Юрий Колкер: ЦАРСТВЕННОЕ СЛОВО НА ПОДМОСТКАХ // Пушкинский конгресс поэтов в Петербурге, заметки участника, 1999

Юрий Колкер

ЦАРСТВЕННОЕ СЛОВО НА ПОДМОСТКАХ

ПУШКИНСКИЙ КОНГРЕСС ПОЭТОВ В ПЕТЕРБУРГЕ: ЗАМЕТКИ УЧАСТНИКА

(1999)

Спору нет: в России произошли разительные перемены. Вчера поэта втаптывали в грязь и затыкали ему рот, сегодня — созывается международный конгресс поэтов с участием недавних отщепенцев всех мастей: тунеядцев, кочегаров, эмигрантов. Но едва ли устроители выбрали для этого форума подходящее название. Понятно, что слово съезд не годилось из-за своей советской коннотации. Слово фестиваль, вероятно, показалось им слишком легковесным. Они хотели торжественности и пышности, большого стечения народа в исторических залах города, или — по их собственным уродливым словам — «культурно-имиджевой акции, повышающей международный престиж России и Санкт-Петербурга». Хотели как лучше — и остановились на термине, принятом в политике и в науке, чем немедленно внесли смущение в сердца приглашенных.
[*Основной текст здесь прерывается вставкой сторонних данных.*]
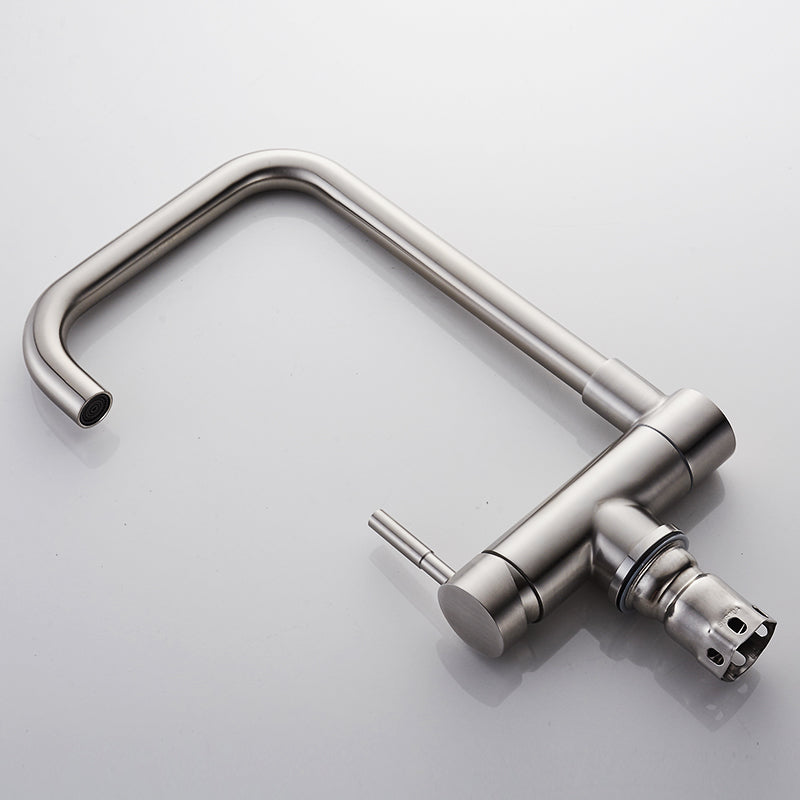 Modern Lead-Free Kitchen Tap with 360° Swivel in Stainless Steel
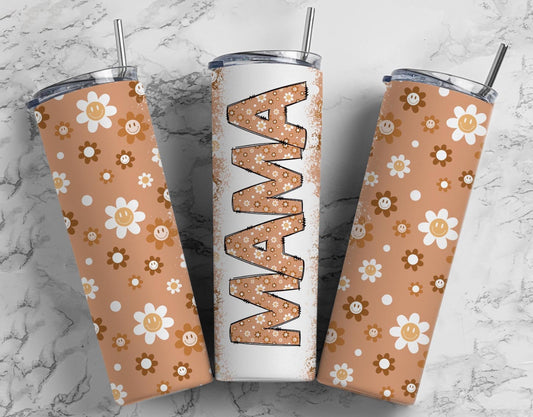 Trendy MAMA Tumbler with flowers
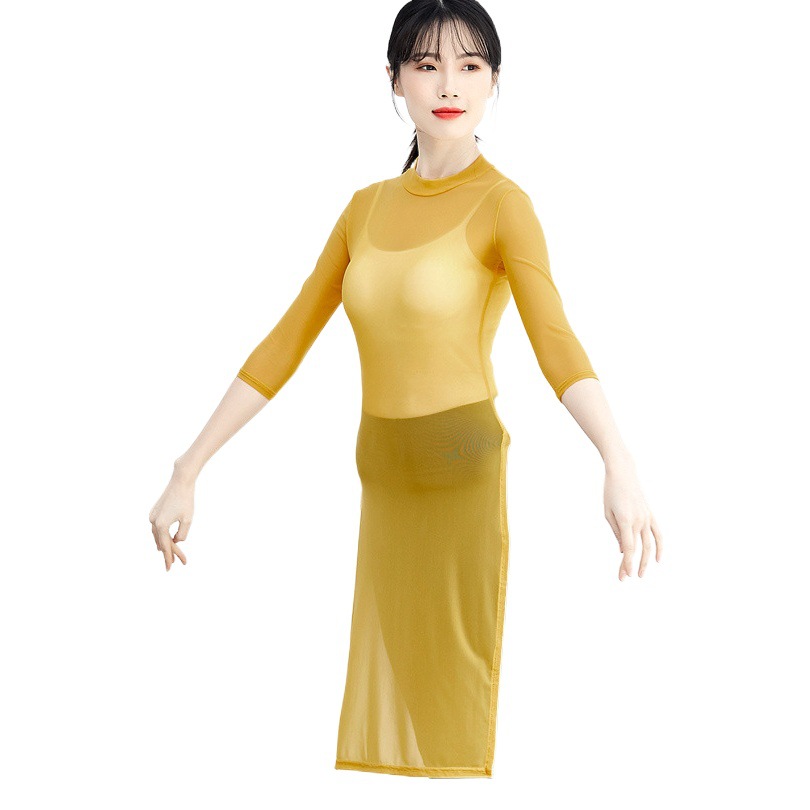 Dance Clothing with Slit, High-Neck Mesh, Slim-Fit Yoga Top for Women, Modern Classical Practice Top, Long-Sleeved for Adults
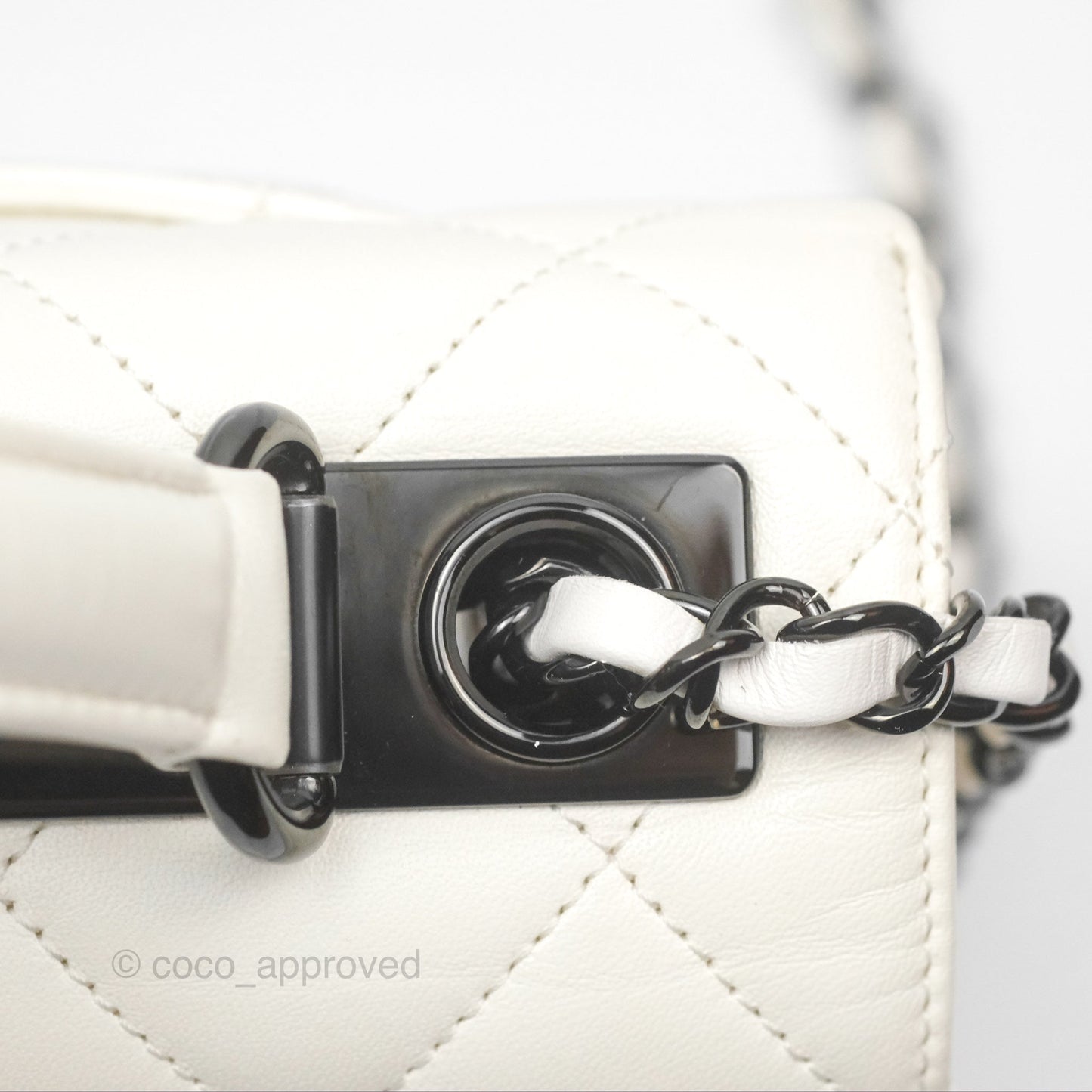 Chanel Trendy CC Small White Lambskin Black Hardware
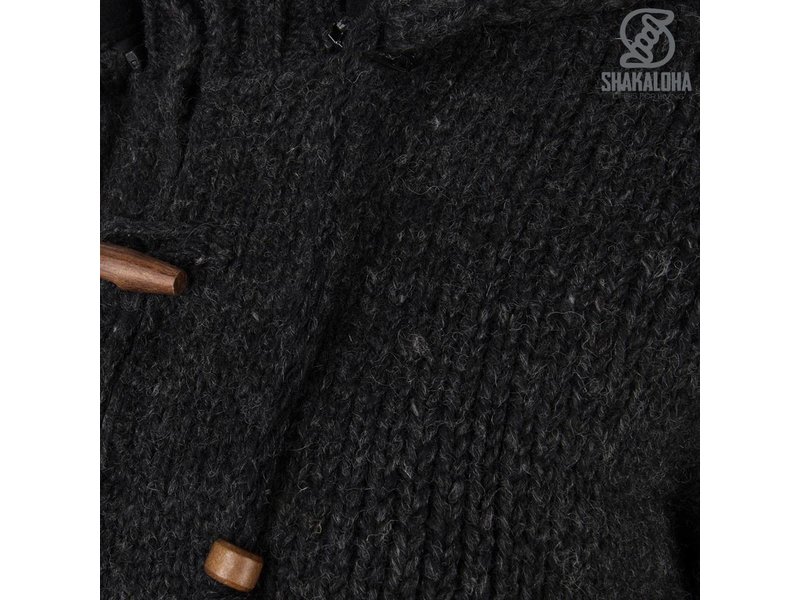 Shakaloha Woodcord Antraciet gebreid wollen dames vest met fleece binnenvoering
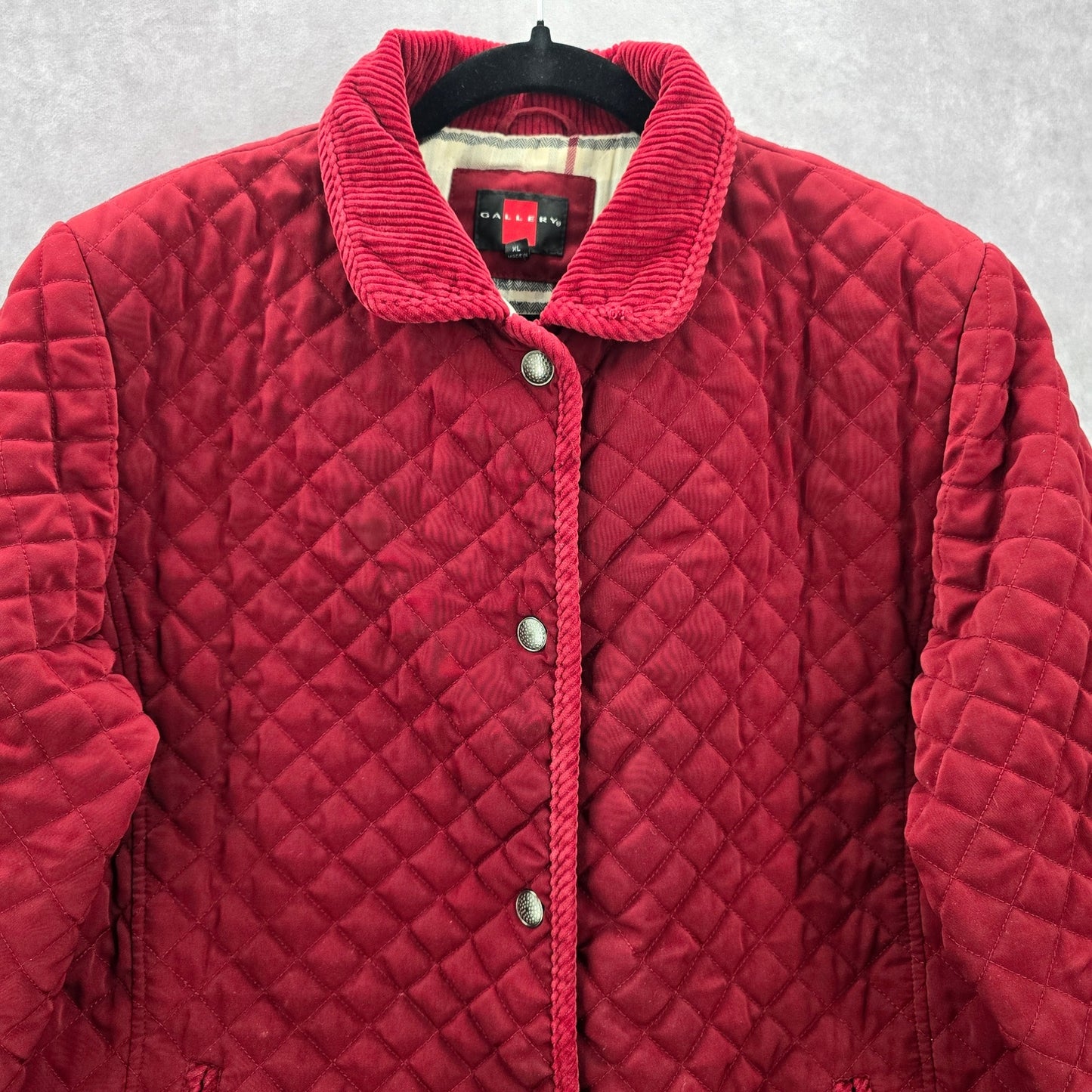 Gallery Red Quilted Plaid Snap Button Coat Parka Puffer Jacket Extra Large XL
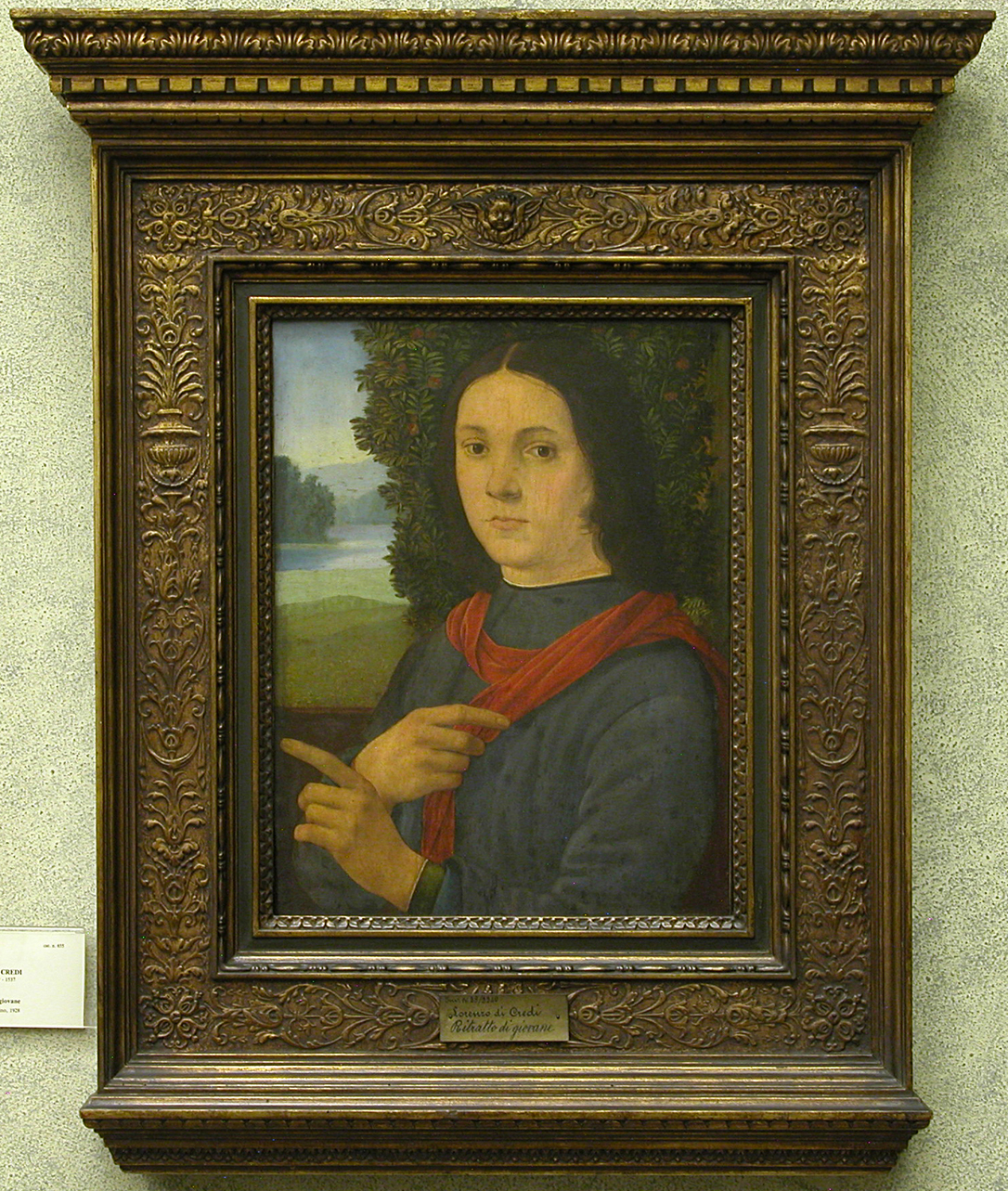 ritratto di giovane (dipinto, opera isolata) di Lorenzo di Credi (fine sec. XV)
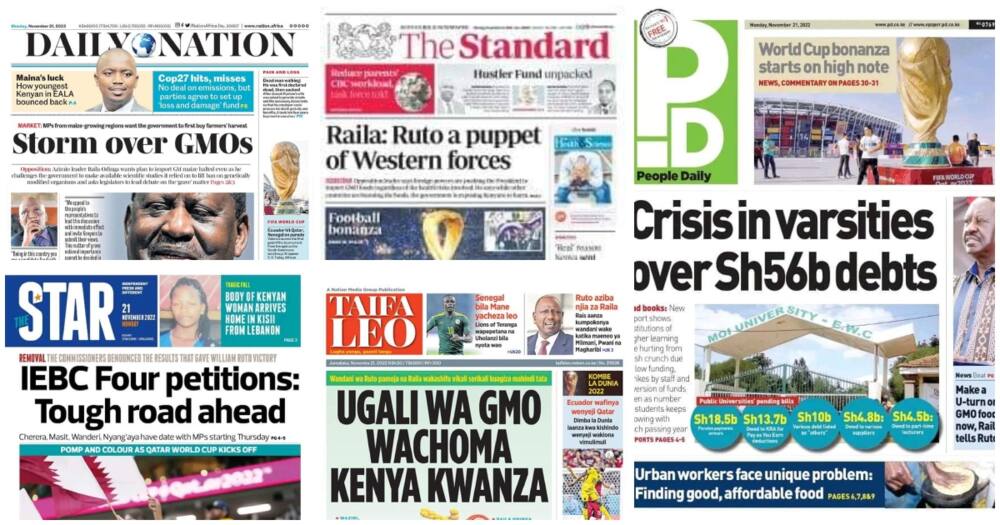 Magazetini Novemba 21: Raila Amsuta Vikali Ruto kwa Kuagiza Mahindi ya GMO.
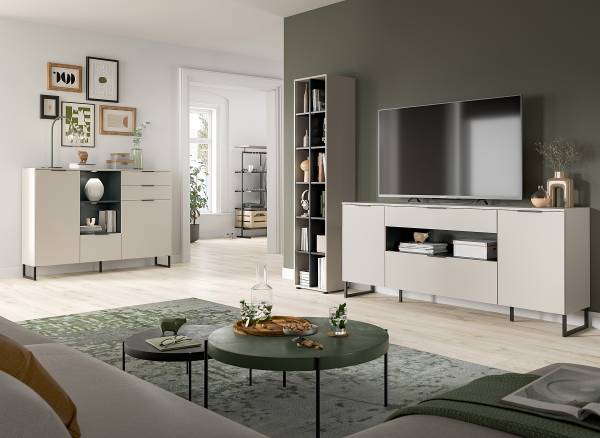 Wohnkombi Quario 2-tlg Sideboard/Regal Kaschmir / Schwarz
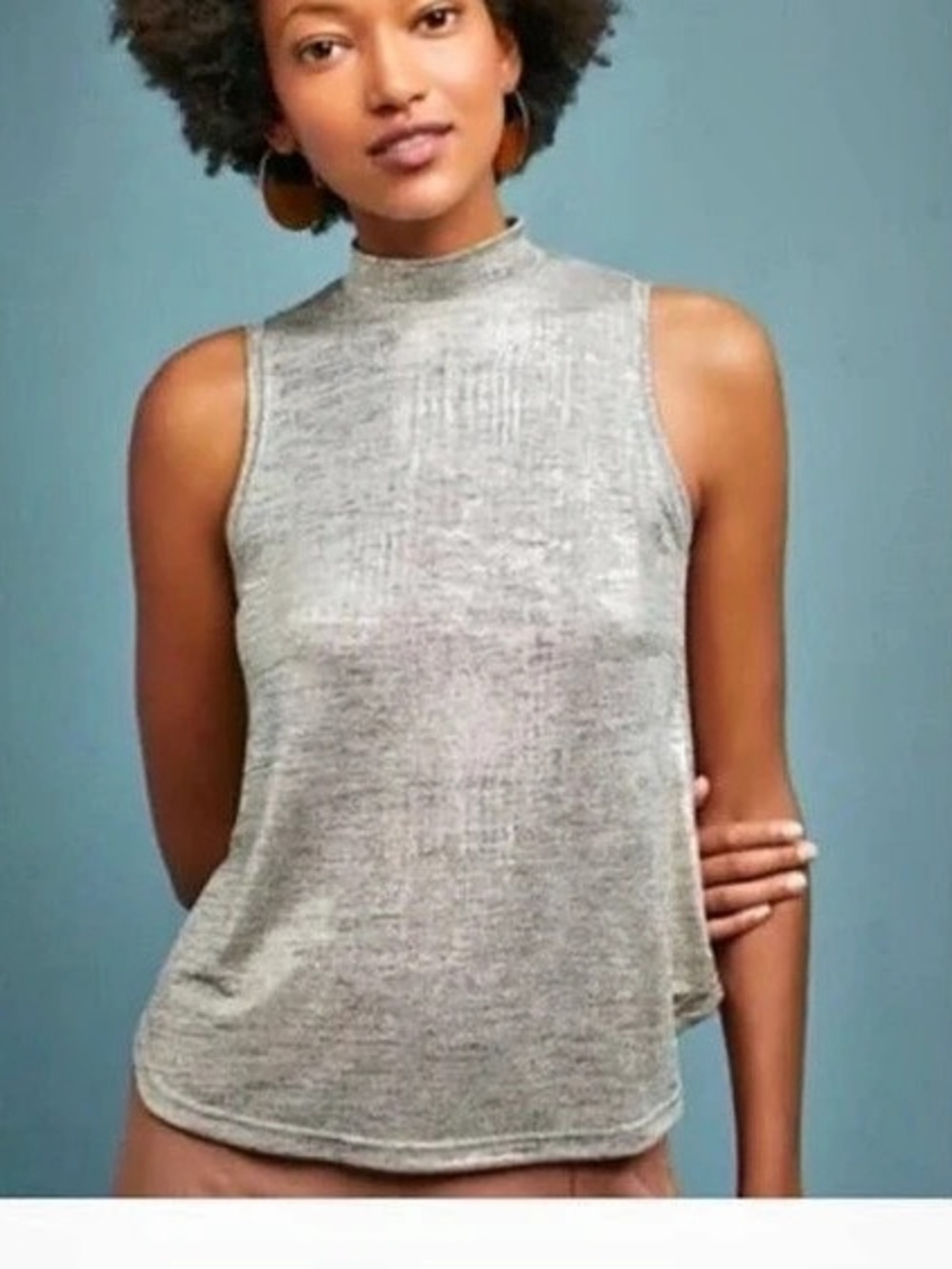 Anthropologie Postmark Silver Metallic Mock Neck Tank Sz Lg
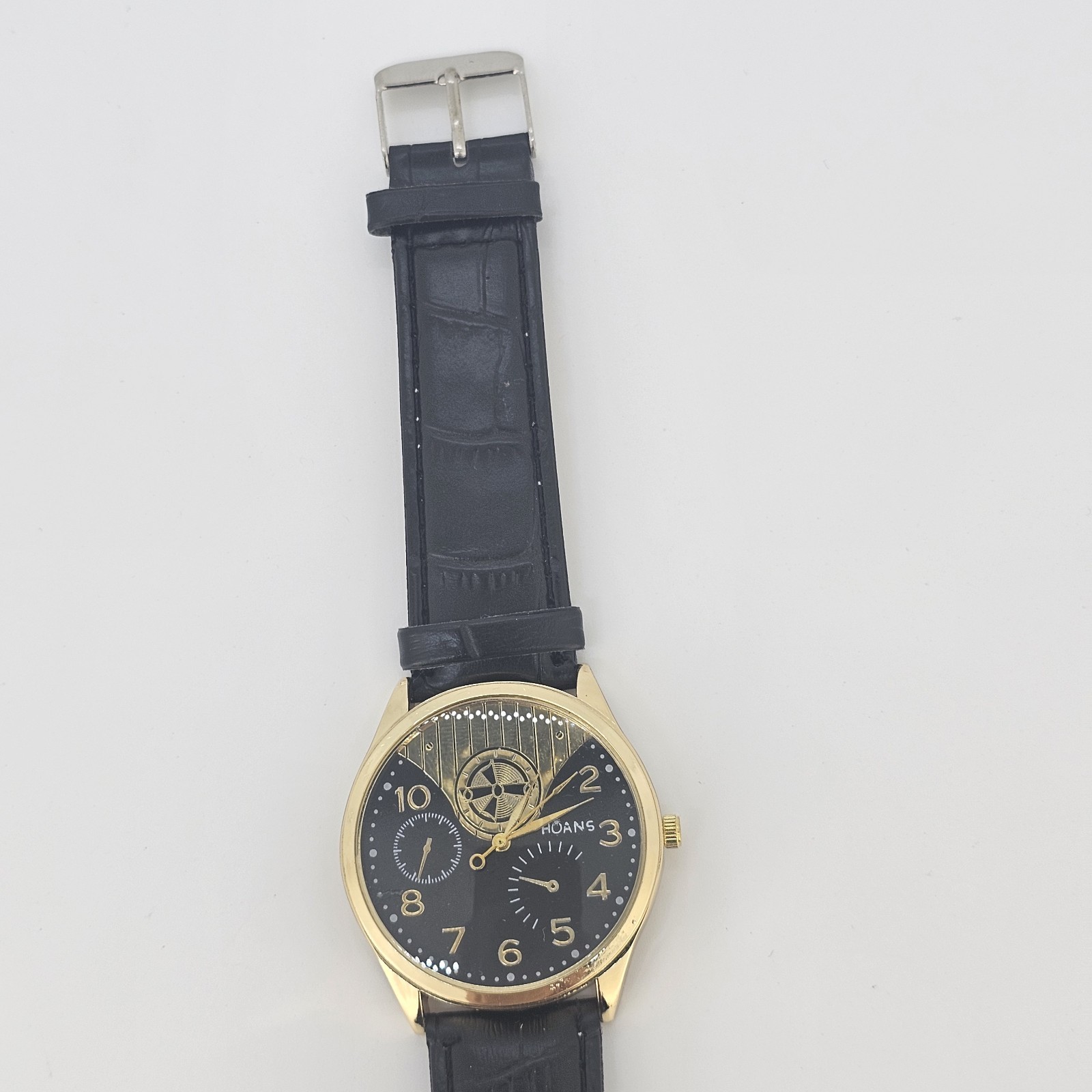 Men’s Analog Watch 38MM Black Dial Black Faux Leather Bands New Battery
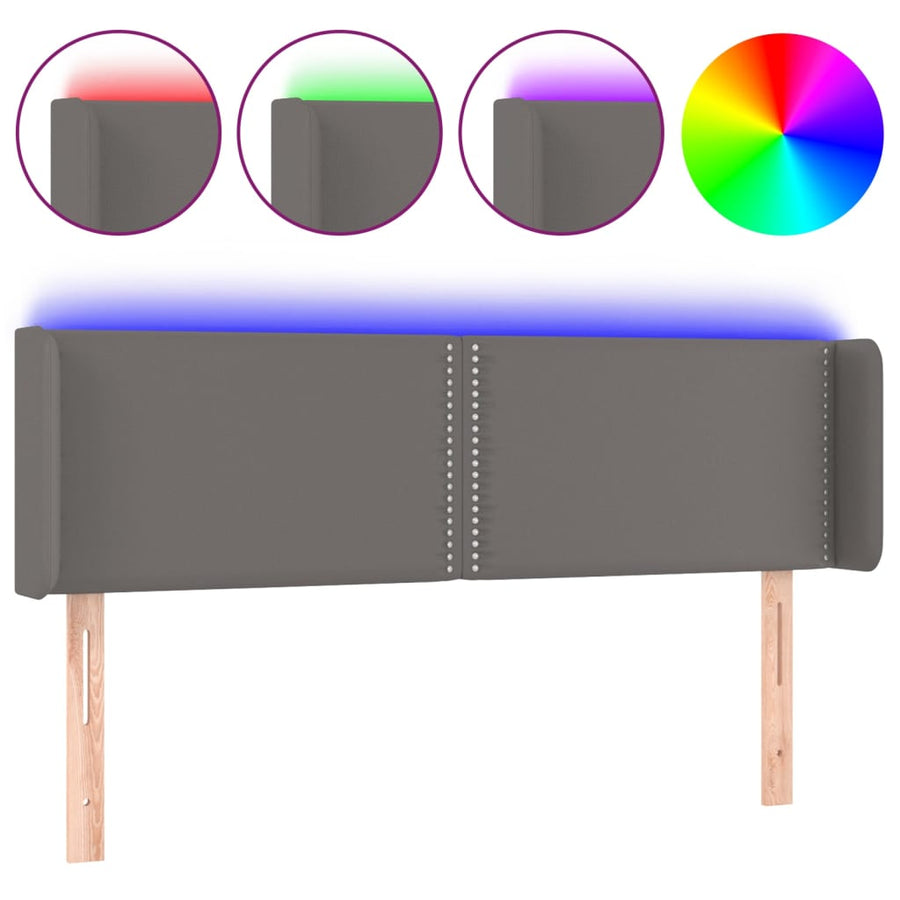 Hoofdbord LED 147x16x78/88 cm kunstleer grijs 147 x 16 x 78/88 cm Grijs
Экстравагантна уже самая идея такого форума. Поэту сказано: «Ты царь — живи один!». Занятие поэта — интимнейшее из человеческих дел. Оно сродни молитве и плохо вяжется с трибуной, президиумом и подмостками. А тут — чуть не двести приглашенных из Москвы, Петербурга, России, бывших республик СССР и стран рассеяния русской культуры. Что могло из этого получиться? Парад честолюбий, ярмарка тщеславия, биржа ревности и обид. Так и вышло. Две трети участников не выступили ни на одной из трех основных сцен. Легко себе вообразить, какие чувства они испытывают к устроителям.

Но этим странности не исчерпываются. Пригласили еще и литературоведов, — то есть устроили в рамках пушкинского конгресса поэтов еще и ученую конференцию, требующую, разумеется, совершенно другой атмосферы и другого настроя, чем чтение стихов. При этом забыли, что синтез и анализ растут не из одного корня; что при всей видимости общего дела поэт и литературовед смотрят в противоположные стороны и редко находят общий язык.

Дальнейшие странности исходили уже от участников.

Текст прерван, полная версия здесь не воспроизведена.